Do you have a fixed mindset or a growth mindset? Are you born with your ability or are you able to take control and change it? I know growing up I was definitely in a fixed mindset. Thinking the things I would be good at would come easy or not at all.
One of the books I have on the go right now is The Talent Code by Daniel Coyle. He makes a great case for the need for deep practice and how this practice makes the difference from being good to great. To the dismay of Allen Iverson today we will be talking about practice and a way of thinking about it that may be a little different.

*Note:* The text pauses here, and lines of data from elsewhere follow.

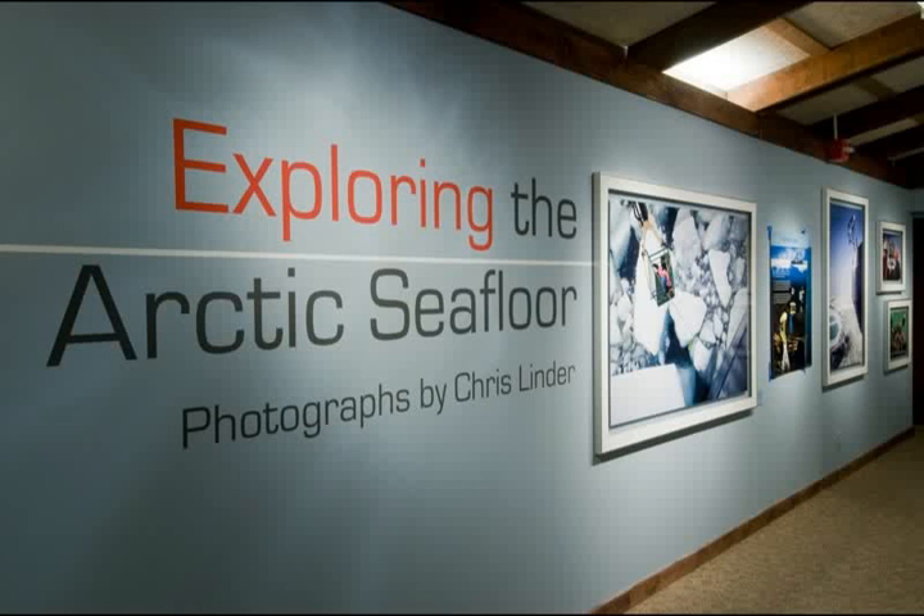Welcome to the online tour of the Exploring the Arctic Seafloor exhibit. In the next few minutes, I will give you a guided tour of the photographs that chronicle this historic expedition to the Arctic Ocean. The exhibit is divided into four main sections: the icebreaker, the environment, science in action, and scientific results.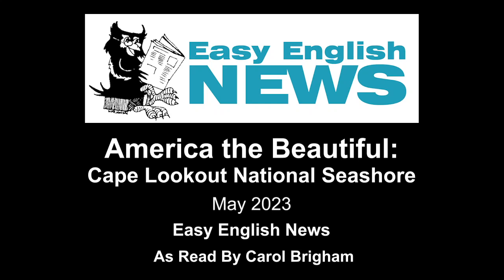America the Beautiful: Cape Lookout National Seashore, read to you by Carol Brigham.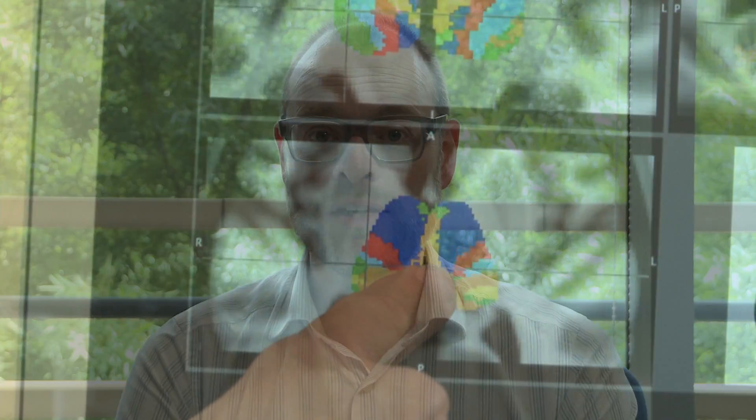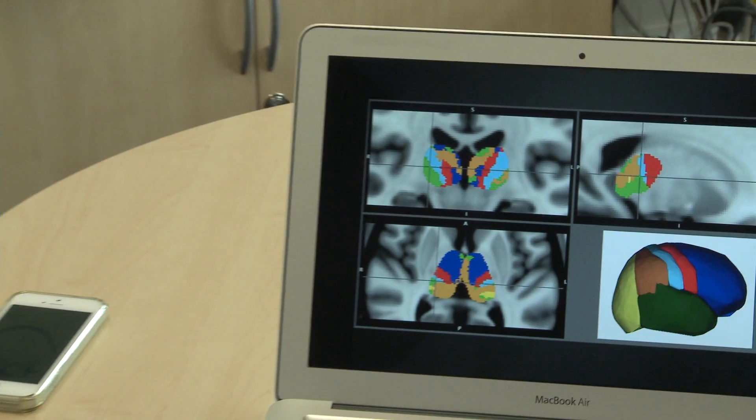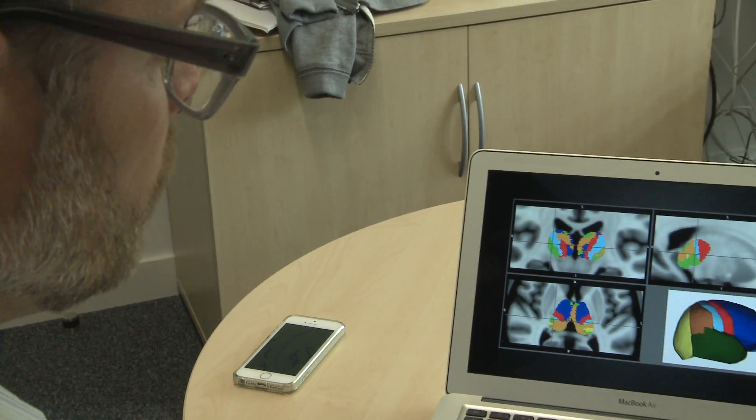We can use a very powerful technique called diffusion MRI to look at the microstructure of the living human brain, and in this project what we're going to do is to look at the connections from a part of the brain called the thalamus.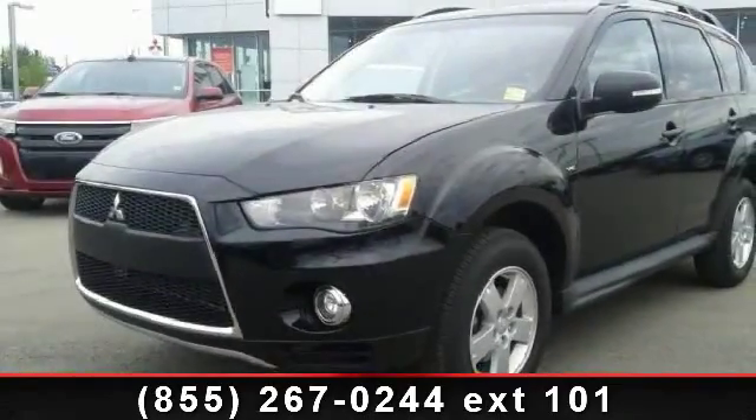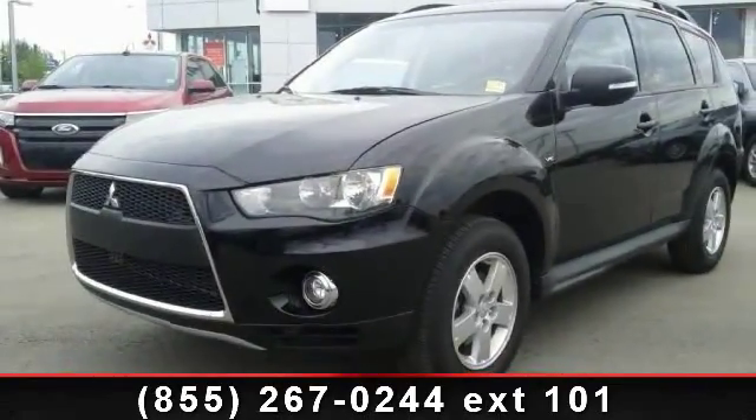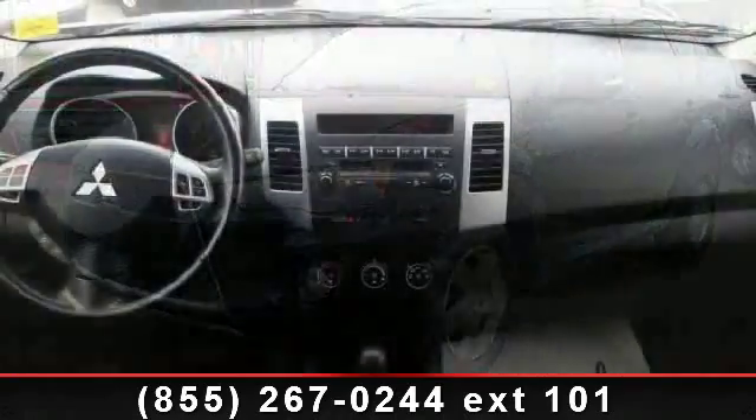Presenting the 2013 Mitsubishi Outlander SE. This may be the set of wheels you've been looking for.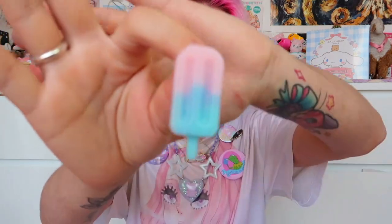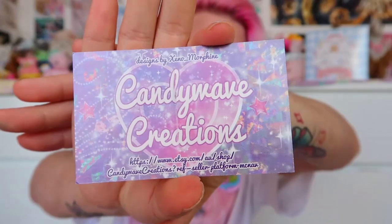The next item — I think it's a hair clip? I don't necessarily use hair clips, but this is just a little resin lollipop piece from Candy Wave Creations, and they've included a really cute business card too. I really appreciate that PastelPixie collaborates with artists in their boxes — it's a really good way to get these artists out there, give them exposure, and get them more well known.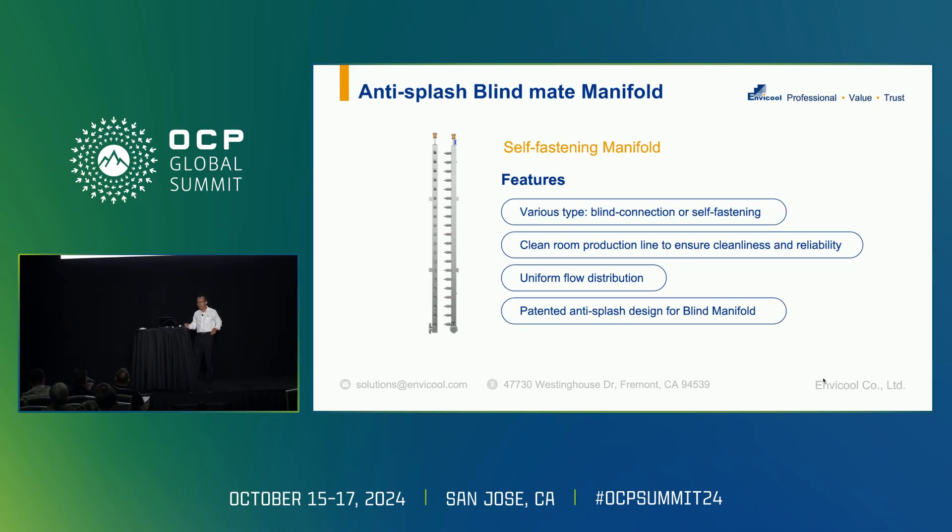Another important topic is our patented anti-splash blind manifold design for the QD. Some may ask why we need anti-splash — because we did come across such issues. In some deployments in China, there was a significant leak. That's why we came up with this new design: even if the pump or connector leaks, it will not splash to the rest of the rack.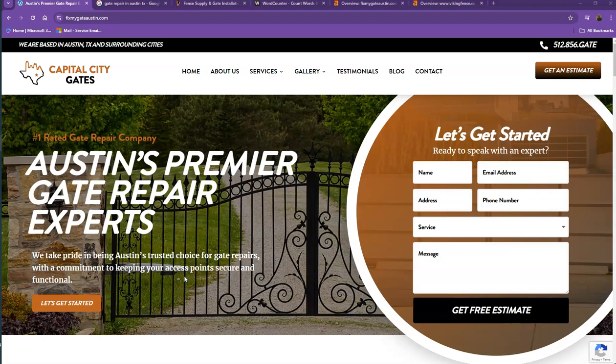Hi Heather, this is Jeff with Zucor Marketing. We're based out of San Antonio, Texas, and Eric forwarded your website over for an analysis. In this video, I'm going to show you how you can get more customers online.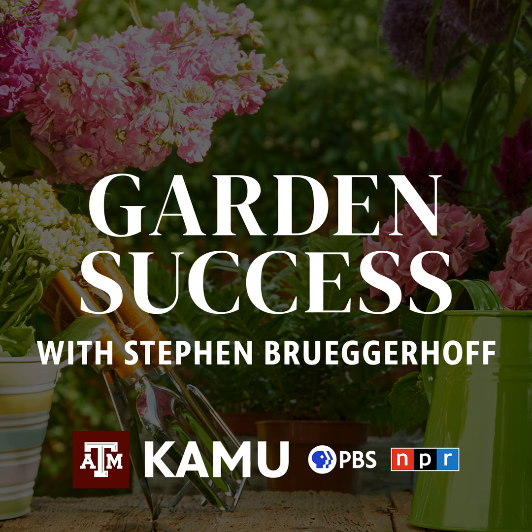You've been listening to Garden Success with Texas A&M AgriLife Extension horticulturist Stephen Bruggerhoff. Join us again next week as Stephen discusses your questions about gardening and landscaping in the Brazos Valley. Garden Success is brought to you in part by Martha's Bloomers, offering an expansive collection of plants and tools for the gardener, a boutique store filled with art and home decor, and an award-winning full-service restaurant featuring handcrafted meals and desserts. Martha's Bloomers, located right off Highway 6 in Navasota.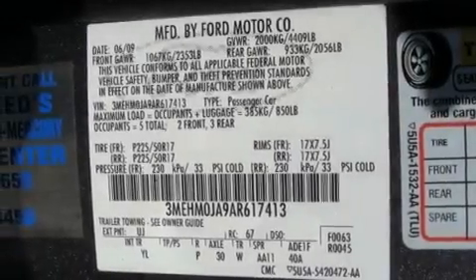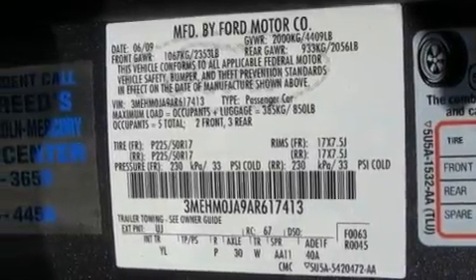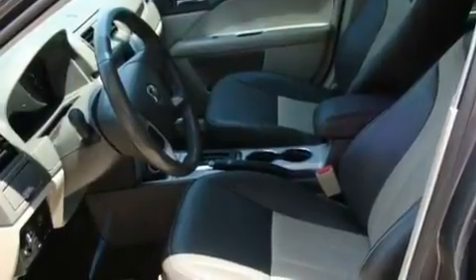With an EPA estimated rating of 34 miles per gallon on the highway, more money will stay in your pocket rather than pour into the fuel tank.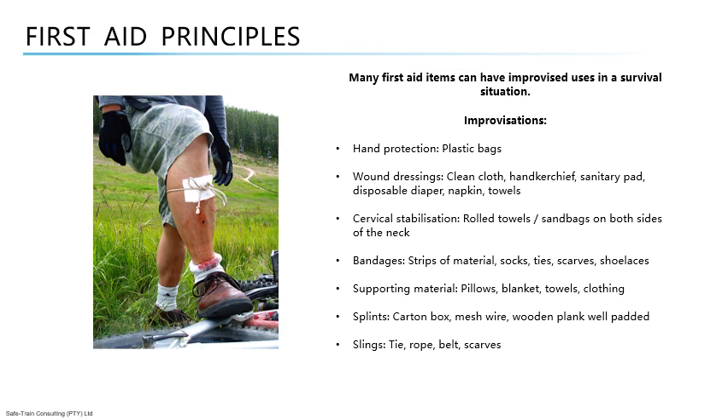Many first aid items can have improvised uses in a survival situation. For example, alcohol pads and petroleum jelly-based ointments can be used as a fire-starting aid in an emergency, and the latter can even be used as an improvised lubricant for certain mechanical devices. Adhesive tapes and bandages can be used for repairs. These alternate uses can be an important consideration when picking items for a kit that may be used in wilderness or survival situations.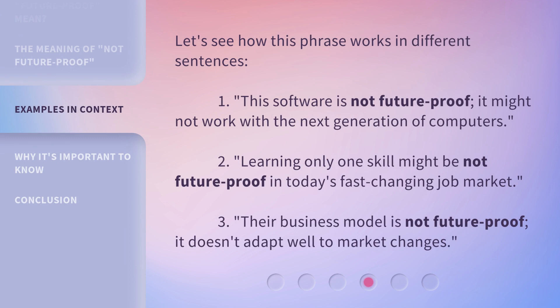Let's see how this phrase works in different sentences. 1. This software is not future proof — it might not work with the next generation of computers. 2. Learning only one skill might be not future proof in today's fast-changing job market. 3. Their business model is not future proof — it doesn't adapt well to market changes.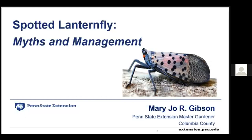It's seven o'clock so we'll get started. Today we'll be having the last webinar of our series done with Mary Jo Gibson, Penn State Master Gardener for Columbia County, at Penn State Extension. Today's topic is spotted lanternfly — different myths and how to control those in your backyard. So without further ado, Mary Jo, take it away.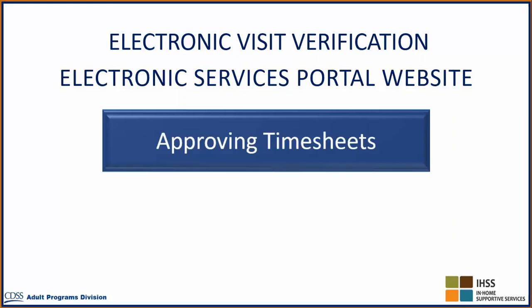Welcome to the Electronic Visit Verification informational video for the Electronic Services Portal website, Approving Timesheets.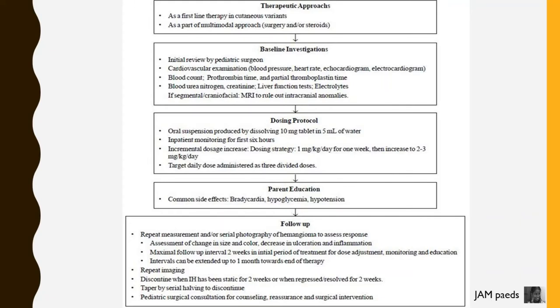Basic investigations include blood count, prothrombin time and partial thromboplastin time, blood urea nitrogen, creatinine, liver function test, and electrolytes.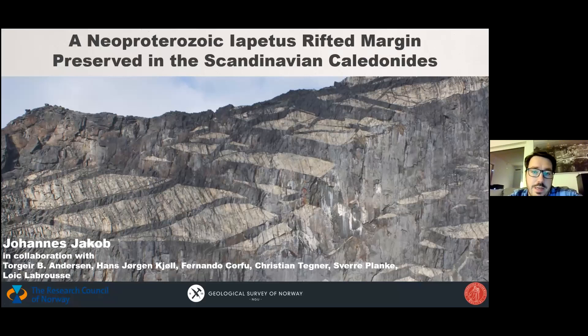I'm going to talk about the Neoproterozoic margin of Iapetus that is preserved in the Scandinavian Caledonites. In the background you already see a picture of it — these are sediments that are tilted, so bedding is vertical, and the dark rocks are all dike stacking, so I'm talking about a magma-rich margin. I decided to do some advertisement that these do exist in Norway and Sweden, and much of the legwork has been done by the people listed here, especially Hans-Jürgen, who has walked a lot of these rocks.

A quick Google search shows this definition for deep practice: Deep Practice consists of stretching yourself just outside your comfort zone, stopping and reflecting when errors occur, making adjustments, and continuing this process over time. Deep Practice can apply to a wide variety of skills – from hitting a baseball, to playing guitar, to delegating a task to an employee.
Thank you Google, now that we have our working definition why does this matter to you? Put simply this could be the key to unlocking those higher level skills and to help you improve on the things that matter to you. Also with today’s session being a make up day it is a good time to put this idea into practice.
Recently Dauntless was in a 6 am, for a make up day, and she wanted to work on snatching. Like many skills since the shut down this has been an under practiced one. Having just read a chapter of the talent code, I invited her to humor me on something. We set up on an imaginary bar and executed reps without weight, then with the pvc pipe, eventually ending up on the bar.
Now it is time for the cool part, Dauntless was able to hit multiple reps at just five pounds under her previous one rep max! It was very fun as a coach to see this success in such a short time. Especially with the nervous energy coming into the practice session and the fact that she had not snatched heavy for a few months.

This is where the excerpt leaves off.